Last week Marabou looked at artists installing art or themselves as acts of subversion within the museum. Today, Marabou is thinking about subtle, but impactful gestures made within the Whitney Museum’s galleries as acts of protest. Following the revelation that Whitney Vice Chairman, Warren B. Kanders, owns the military supply company that sells the tear gas used on migrants at the US/Mexico border, artists Daniel Bejar and Sibyl Kempson took to the galleries to stand against Kanders.
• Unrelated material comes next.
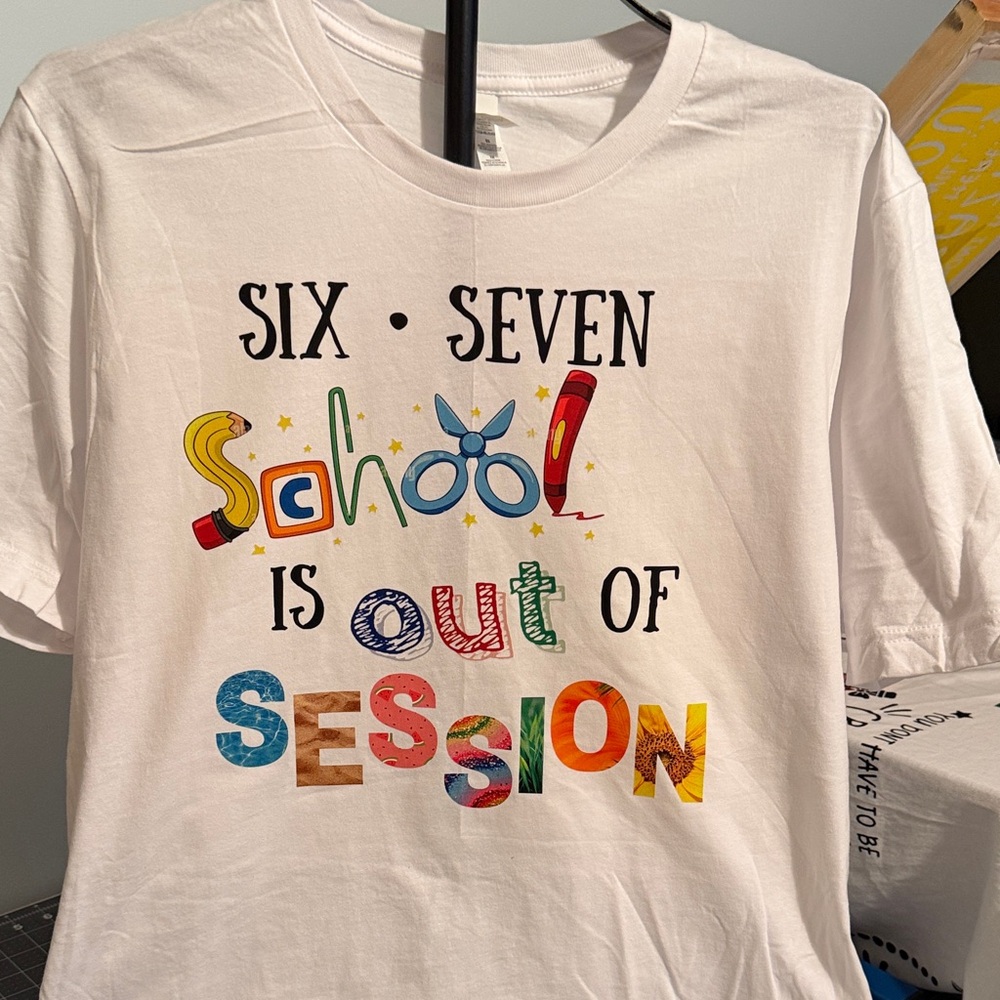 Women's White 'Six Seven School Is Out Of Session' Graphic Tee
Bejar explained in a Dec 9 Instagram post, “In response to the explicit connection between these known injustices and arts funding, I organized these interventions at @whitneymuseum wearing T-shirts with @safarilandgroup subsidiary tear gas company’s slogan ‘Less Lethal Solutions’.” Bejar and others walked around the Whitney in the T-shirts, spreading awareness and piquing interest of visitors who may not know about the Kanders situation.
Kempson had a three-year performance project at the Whitney called “12 Shouts to the Ten Forgotten Heavens.” Art Net reported that in the project’s last weeks she used her presence in the museum to show solidarity in the protest against Kanders and inform visitors by distributing posters created by Decolonize This Place for the Dec. 9th protest. Kempson exemplifies an artist who used her residency as more than a showcase for her art, but also as a platform to voice institutional critique.
Bejar and Kempson show us that critique of the museum is possible through many different mediums and methods. Marabou encourages us to think of creative ways to express what change we want to see.